Hi Joe Schmoe,
Been wondering about this approach. Are you saying one can successfully duplicate a functioning OS and installed applications and any configuration changes by simply copying the appropriate files to a new SD card?
Yes. In Linux, this works. Yey for Linux!
That would be cool; in the Windows world this is impossible (I think) as there are hidden files and registries and histories and other unfathomables. In windows a disk image is the only thing (I think) that can be done.
Righto. Linux is very much "What you see is what you get", unlike Windows.
Could you give me more details, I'm not understanding
1.why /boot needs to be unmounted after the cp -av command
That's to avoid copying the contents of /boot into the new rootfs.
Note: This process is actually cleaner if you aren't copying from a live system. That is, if you can boot from a different system, and then copy files between partitions that aren't currently in use. But it *can* be done live and will almost always work (only in rare, pathological cases does it fail). Other posters on the forum will tell you that copying from live systems is a "no-no", but as I said, it usually works out OK. In this model (the one I am suggesting so far), you will be copying from the current root (/) to your SD card mounted on "sda".

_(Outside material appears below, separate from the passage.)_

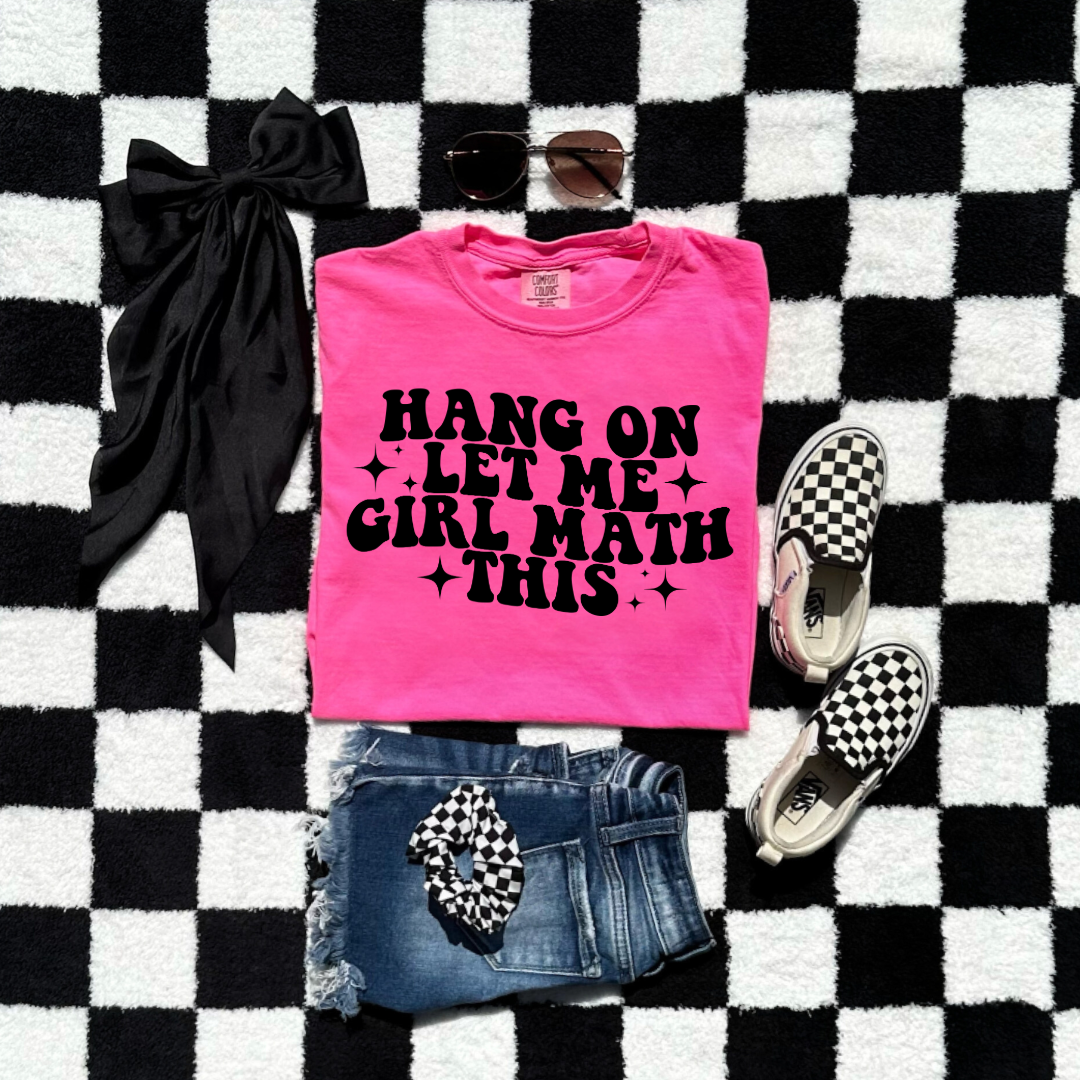 Customized Neon Pink Youth Graphic tee Hang on let me girl math this black bubble letters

What this all means is that the cleanest way to do it is to have another working boot system on the Pi, and then mount the source card (the one you're copying from) on, say "sda" and the other one (the target) on "sdb".
2. "mkfs" is a way to format the new SD card prior to writing to it??
Right. It is analogous to the DOS/Windows "FORMAT" command.
3. How do you sort out the physical storage devices, sda1 in your example? I'm guessing the original SD card is called sda0??
Basically, you just have to know. It is basic Linux stuff.
If you are copying from a live system, then your source SD card will be mounted as /. When you then put another SD card into an SD card reader and plug that into your Pi, it will (usually) come up as "/dev/sda" (you can check this by looking at the output of "dmesg" and also by looking at the (pseudo-) file "/proc/partitions").
Alternatively, if you've booted from another SD card, and put your original SD card into a reader and (yet another) one - the target - into another SD card reader, then the first one (the source) will (usually) be /dev/sda and the second one will (usually) be /dev/sdb. Within each "device", the partitions are numbered like "/dev/sda1", "/dev/sda2", etc. My personal convention is to create directories under /mnt, called "/mnt/sda1", "/mnt/sda2", etc - and mount the corresponding "/dev" files under the matching "/mnt" directories.
Finally, note that all of this is assuming you are using a command line, not a GUI. GUIs screw everything up by trying to be "helpful" and "auto-mounting" your SD cards and USB "sticks" for you, creating stupidly named directories that leave you chasing your tail. This obvious mis-feature can be turned off by editing some config file and it is highly recommended that you do so - but the exact details of how to do this are beyond the scope of this document. But in any case, this stuff is best done from a command line w/o any GUI running.
And some folks need to stop being fanboys and see the forest behind the trees.